Stored records:
-- -- --
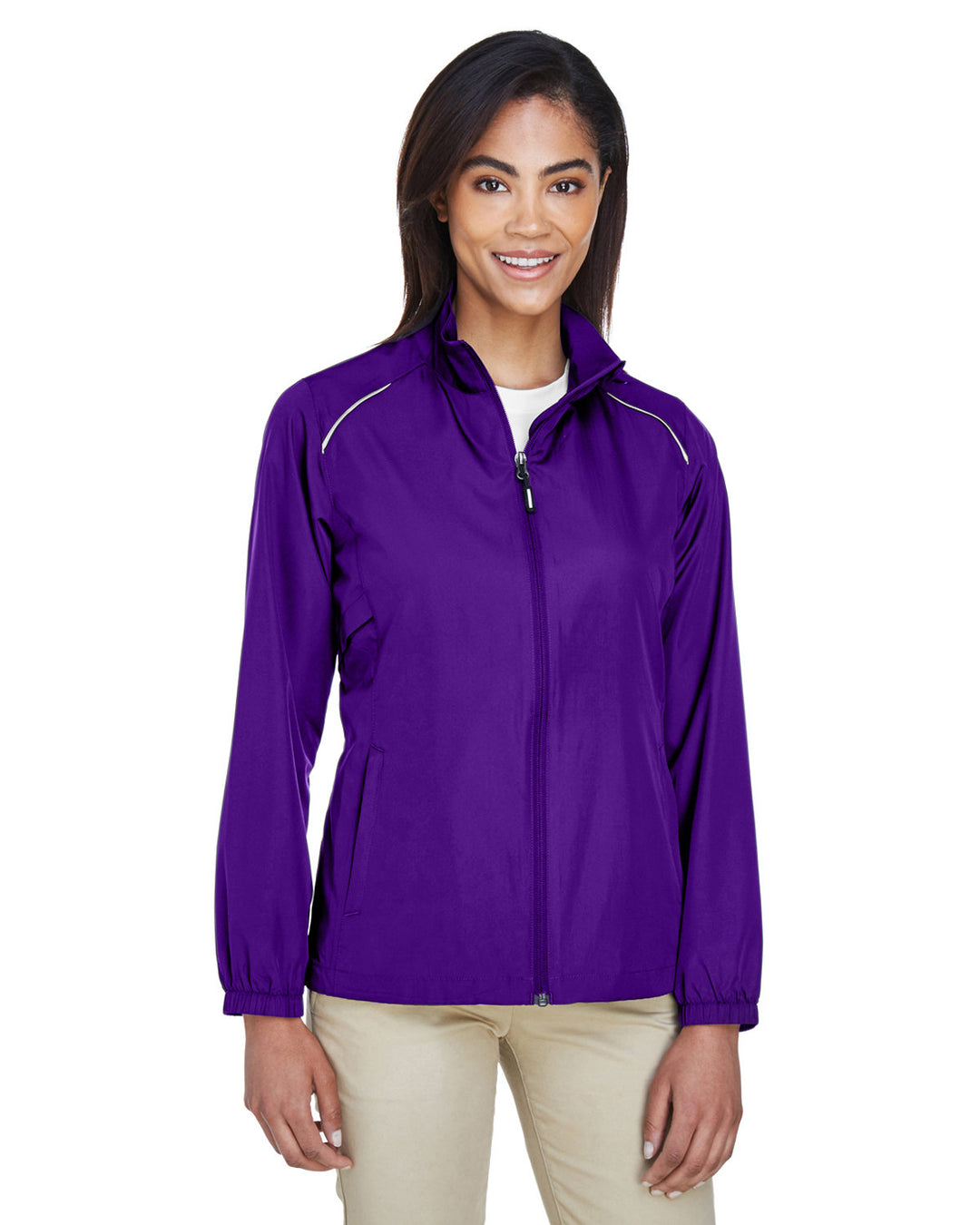 ladies techno lite motivate unlined lightweight jacket CAMPUS PURPLE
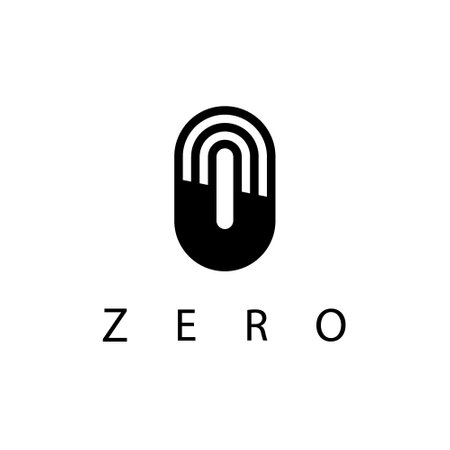 Zero, Numbering Logo Design Templateのイラスト素材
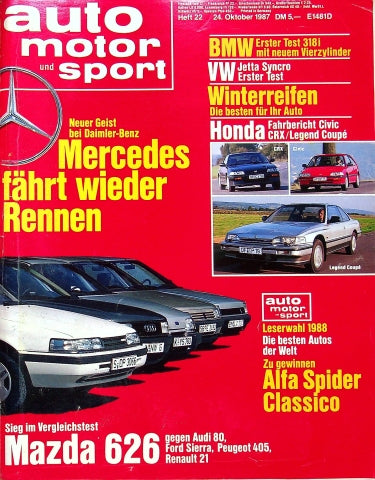 Auto Motor und Sport 22/1987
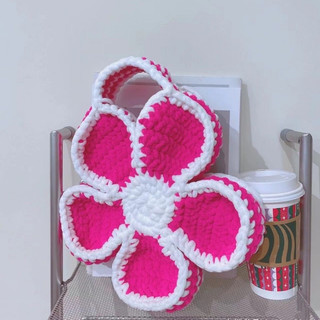 Bloom flower bag - túi len bông handmade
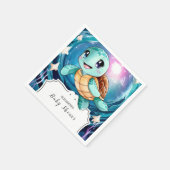 Magische Unterwasserschildkrötendusche Serviette (Ecke)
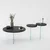 Hanah Home Set klub stolova Serenity 2, 2 komada, Antracit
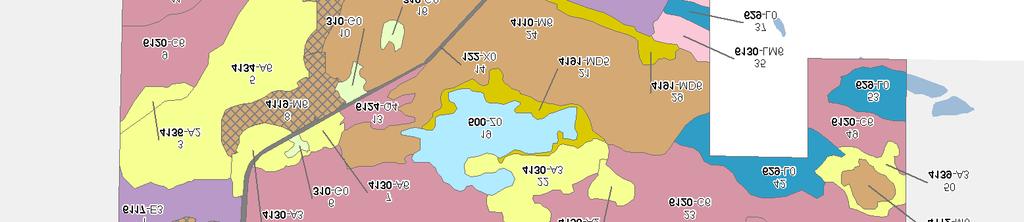 6'0"N Remonumented Section Corners Miris Corners 46 5'0"N Pacquin Creek Rd Hiawatha Trl Paquin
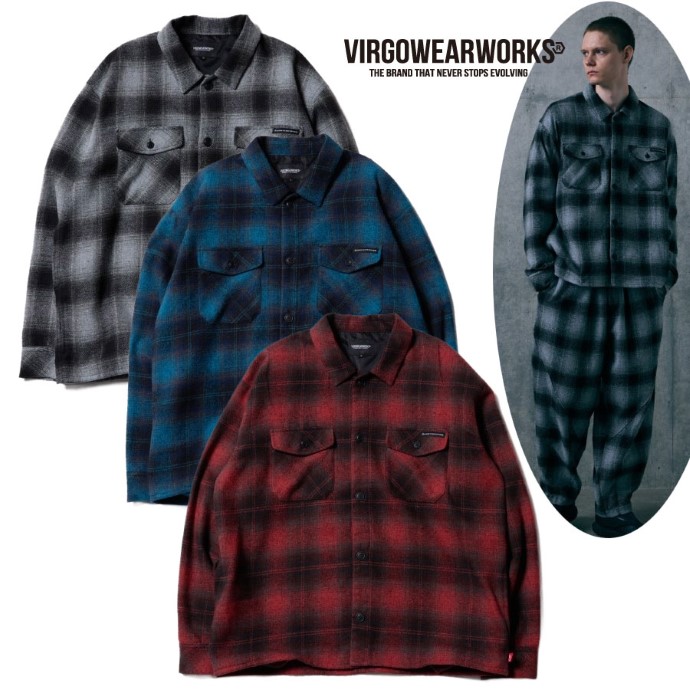 【尖んがり10倍/此れから取って置く7月6日(月)18:00まで】VIRGOwearworks ヴァルゴウェアワークス VIRGO ヴァルゴ 定め事店 10月発売 ESSENTIAL CPO SHIRT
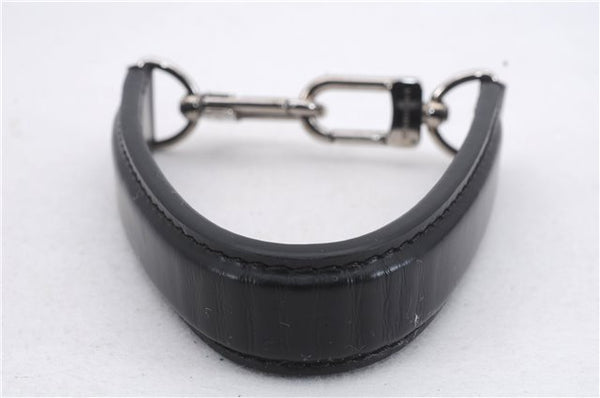 Authentic Louis Vuitton Leather Handle Strap Black 13.0" LV 8007D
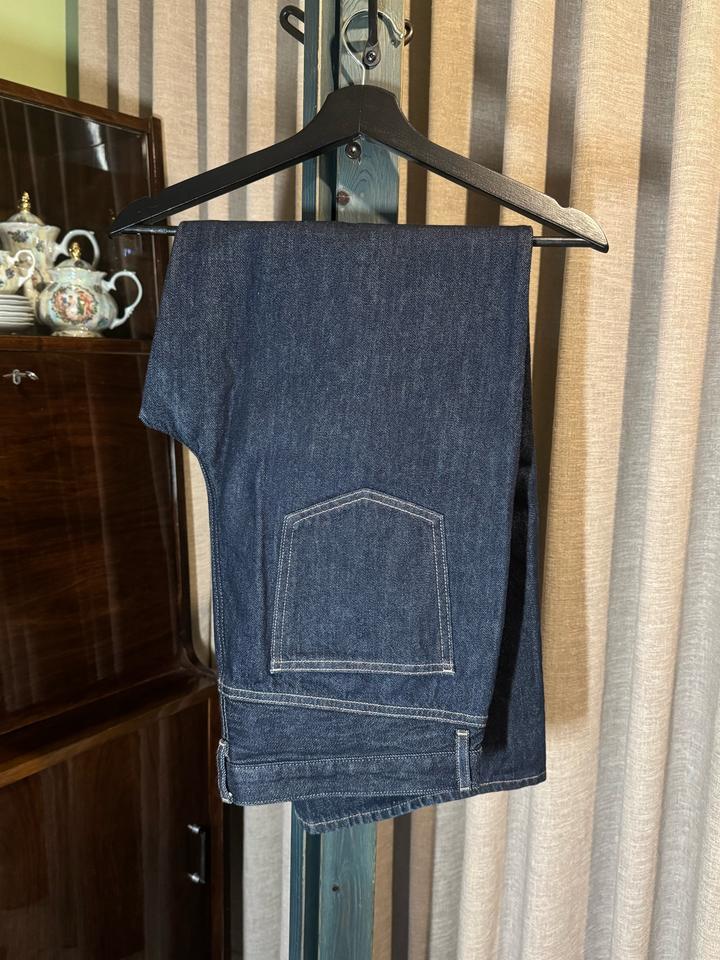 Тёмно-синие широкие, прямые джинсы UNIQLO, eur 44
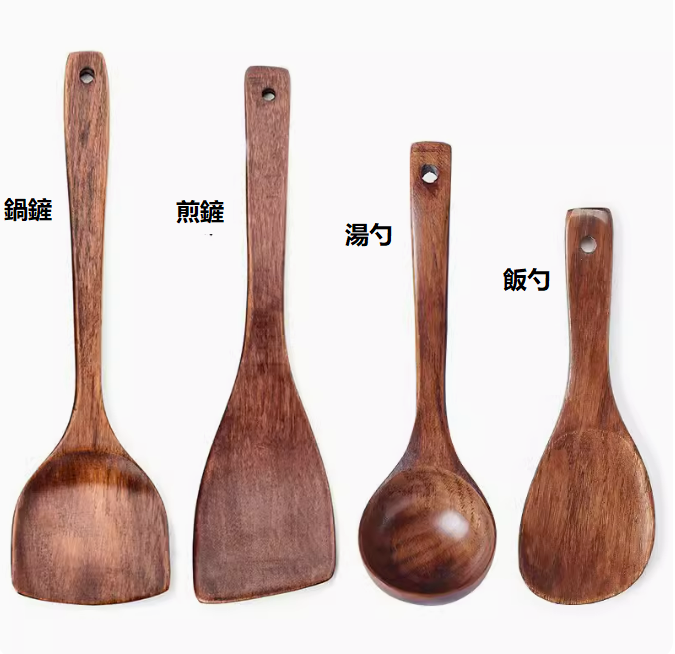 Hot recommendation [4-piece set] Special non-stick spatula set (Kemu soup spoon + spatula + frying spatula + rice spoon)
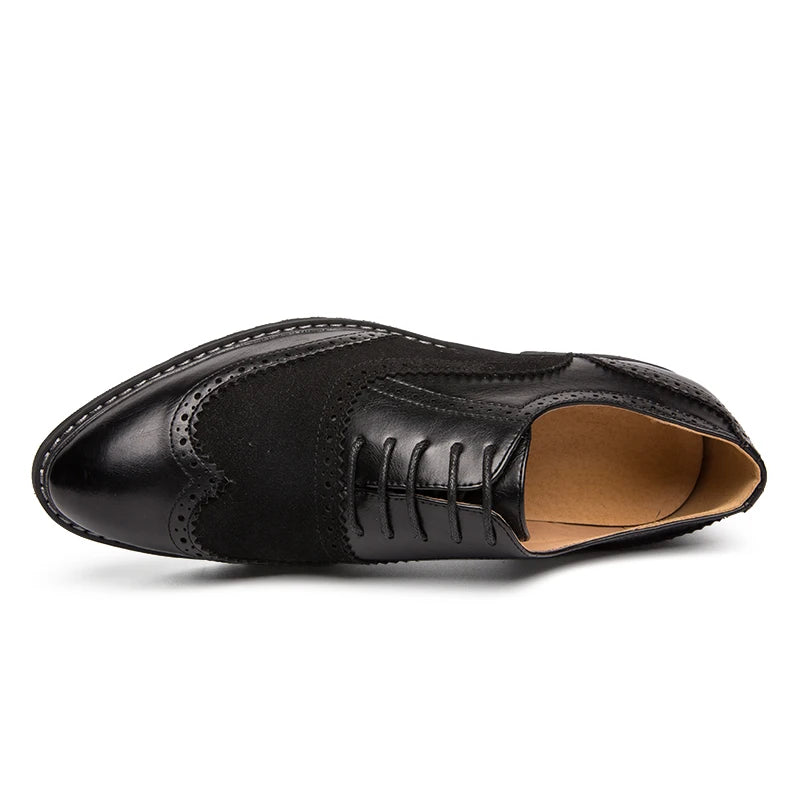 Zapatos De Vestir Hombre Made in China Factory Original Quality Big Size 46 Hard Sole Fashionable Men Dress Business Shoes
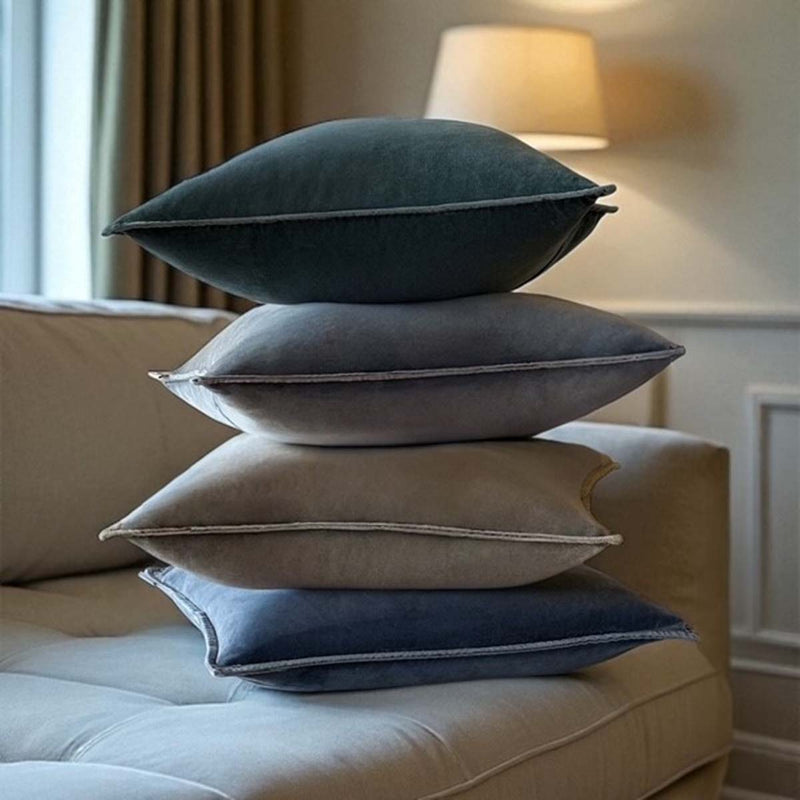 PACIFIC GREEN STONEWASHED VELVET CUSHION MD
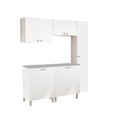 Conjunto Armário Multiuso para Lavanderia Duo 5 Peças Branco - Telasul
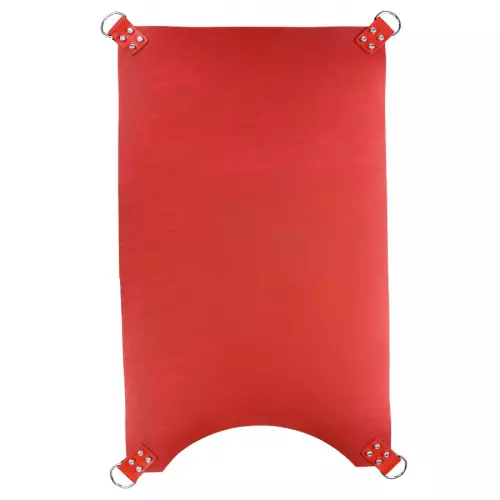 Leder-Sling 4-Punkt Rot – 3/4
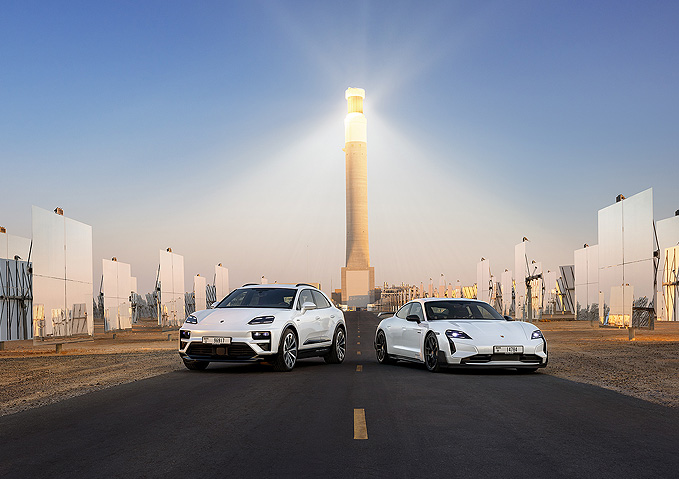 David Guetta and Porsche light up Mohammed bin Rashid Al Maktoum Solar Park in an electrifying spectacle of speed and sound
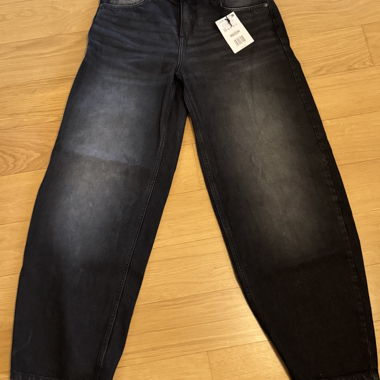 Bershka Black Baggy Balloon Jeans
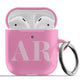 Pink Initials Airpod Case - daziecases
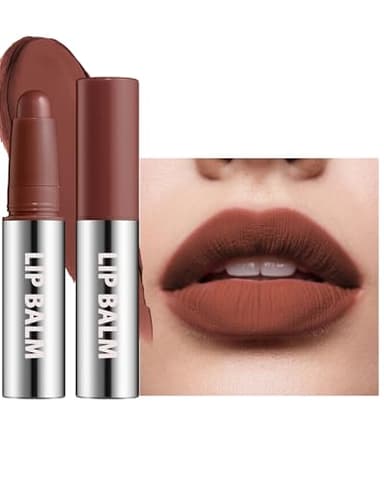 Braun Lippenstift Matte, Wasserfest Langanhaltender Crayon Lipstick Lippenbalsam, Seidig Cremige Textur, Anti-Transfer, Hochpigmentierter Lippenstifte mit Samtiger Matt Effekt, Make-up für Frauen-06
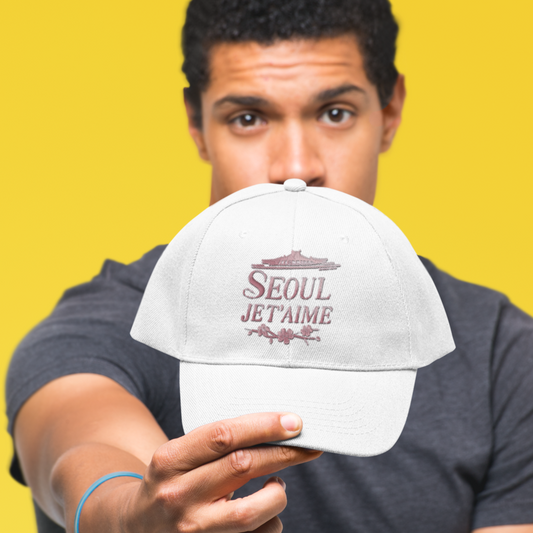 Cap White Seoul Je T'Aime Pink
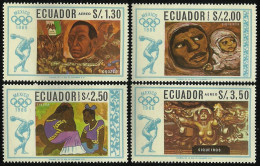 Ecuador A- 478/81 1967 Juegos Olímpicos De Mexico  Olympic Games MNH - Equateur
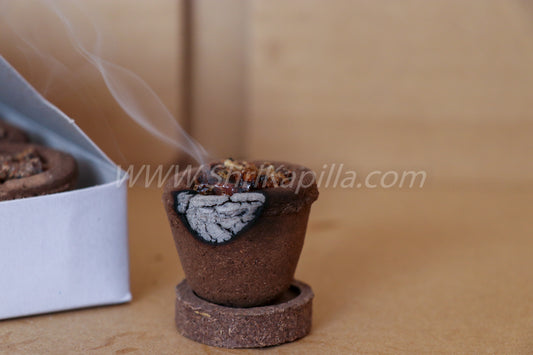 Gober Guggal Dhoop Cups | Cow Dung & Guggal Based Natural Dhoop Cups | For Puja, Meditation & Spiritual Use
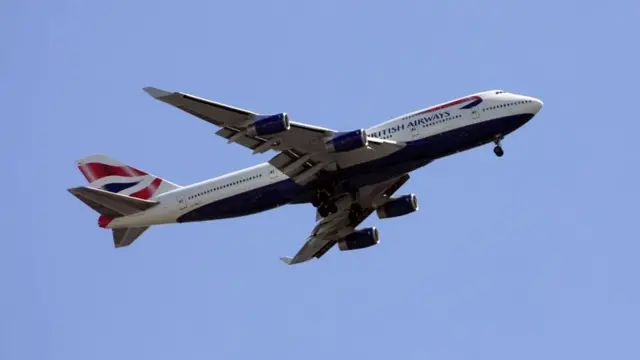 Flight takes off from Heathrow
-- -- --
EXERCISE:
The answer must be the lines above from the one containing "Authentic Louis Vuitton" through the one containing "Gober Guggal Dhoop", reproduced exactly, with no pictures and nothing else.

TASK OUTPUT:
 Authentic Louis Vuitton Leather Handle Strap Black 13.0" LV 8007D
 Тёмно-синие широкие, прямые джинсы UNIQLO, eur 44
 Hot recommendation [4-piece set] Special non-stick spatula set (Kemu soup spoon + spatula + frying spatula + rice spoon)
 Zapatos De Vestir Hombre Made in China Factory Original Quality Big Size 46 Hard Sole Fashionable Men Dress Business Shoes
 PACIFIC GREEN STONEWASHED VELVET CUSHION MD
 Conjunto Armário Multiuso para Lavanderia Duo 5 Peças Branco - Telasul
 Leder-Sling 4-Punkt Rot – 3/4
 David Guetta and Porsche light up Mohammed bin Rashid Al Maktoum Solar Park in an electrifying spectacle of speed and sound
 Bershka Black Baggy Balloon Jeans
 Pink Initials Airpod Case - daziecases
 Braun Lippenstift Matte, Wasserfest Langanhaltender Crayon Lipstick Lippenbalsam, Seidig Cremige Textur, Anti-Transfer, Hochpigmentierter Lippenstifte mit Samtiger Matt Effekt, Make-up für Frauen-06
 Cap White Seoul Je T'Aime Pink
 Ecuador A- 478/81 1967 Juegos Olímpicos De Mexico  Olympic Games MNH - Equateur
 Gober Guggal Dhoop Cups | Cow Dung & Guggal Based Natural Dhoop Cups | For Puja, Meditation & Spiritual Use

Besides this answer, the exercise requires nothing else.